This debut album will shift units, comprising a number of narratives set in
Gardez' West London stomping grounds, it begins with 'I'm mad at you', a head on collision between
Robbie Robertson and Iggy
Pop, but the overview demands a comparison to Nick
Cave.
Yes, Gardez is funny, but not ha-ha funny, his streams of consciousness articulate but muddied and suitable for strong swimmers only - 'They All Ran Like Numbers', a languid Portobello travelogue, is genuinely spooky and, in essence, some sort of animated novella.
(Ralph Traitor, Sounds)
VENUS GROVE
(Virgin)
Sifting through the threadbare, Raymond Chandler - style biography for clues, the most - if anything at all - that can be unearthed about Mystery Slang is that the guy holding all the cards goes by the name of Latif
Gardez, a whiskey drinking itinerant Scot of Arab/Italian parentage.

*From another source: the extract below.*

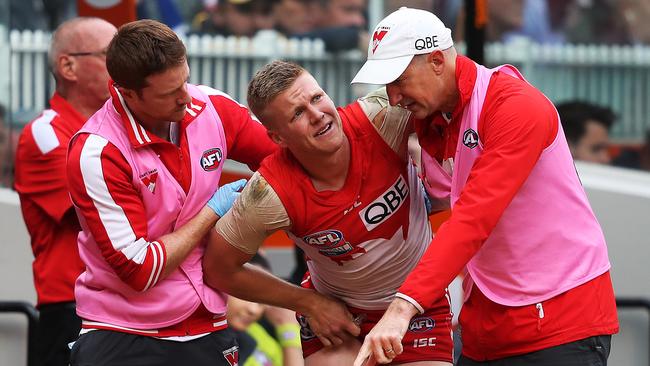 Dan Hannebery suffered a knee injury and despite briefly returning to the field, was unable to finish the game. Picture: Phil Hillyard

Listening to Venus Grove sheds more light on things, revealing someone with one ear tuned in to
Tom Wait's electric blues, the other to
The Doors and dayglo rock. The strength of this debut is the uncluttered spaciousness of the arrangements, giving the spoken narrative lyrics ample room to swirl around a repetitive riff and loose, jazzy chords, or to ride a swelling Hammond wave over a crisp, bluesy guitar.
It's a collection of instantly appealing and powerfully compelling songs.

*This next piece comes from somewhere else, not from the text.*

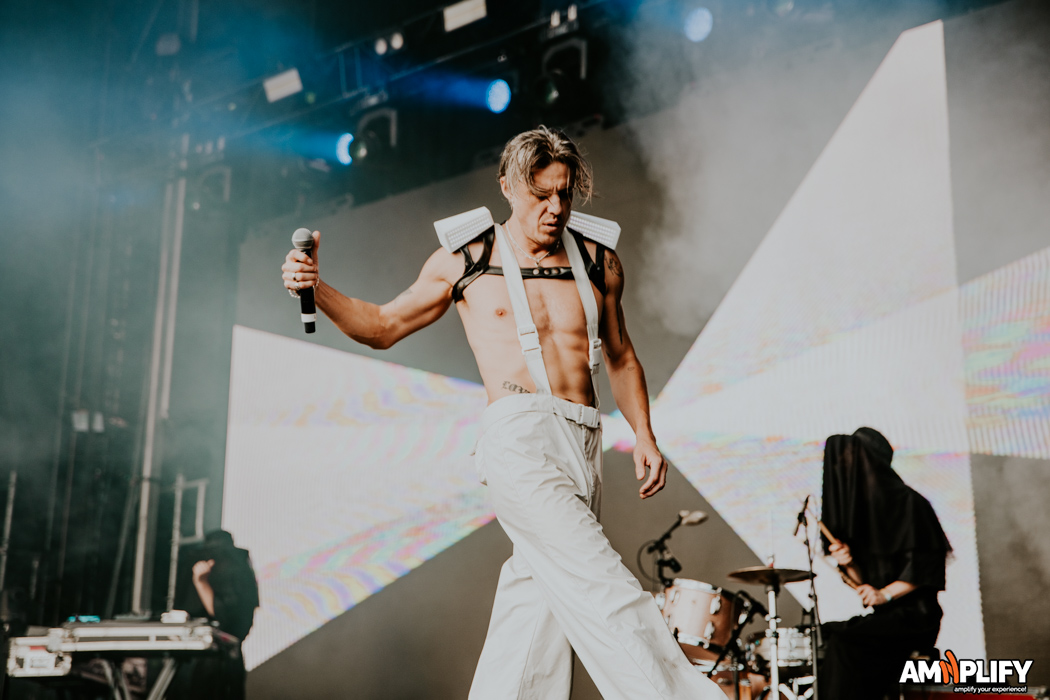 Confidence Man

(Paul Henderson, Q Magazine)
VENUS GROVE
(Virgin)
I once spent the afternoon in the company of Latif Gardez, the force at the centre of Mystery Slang.
During a painfully protracted three hours in his West London flat, Latif proceeded to smoke shopfuls of Marlboro and drink eight times his bodyweight in Irish whiskey. Worse, he kept staring at me with the kind of eyes that suggested he was about to
a) put me on the evening menu, or b) involve me in the sort of extra-curricular activities normally the preserve of Bangkok
waitresses and fat insurance salesmen. I believe the term is 'scared
shitless'.
Heavens parted and the sun beamed out of the clouds when I left that flat alive, I can tell you, but the whole sorry experience did alert me to one undeniable fact vis-à-vis the magnificently enigmatic Mr
Gardez: this was no ordinary song-and-dance man.
Throughout, Latif roars like Morrison after the Paris bathtub incident. Is it any good though? And dare I lavish enough praise on this man when, sad to say, I was stupid enough to give him my phone number?
Fuck, I dunno, file under illustrious Nick Cave Impressionist, and let's just hope God's on my side this time.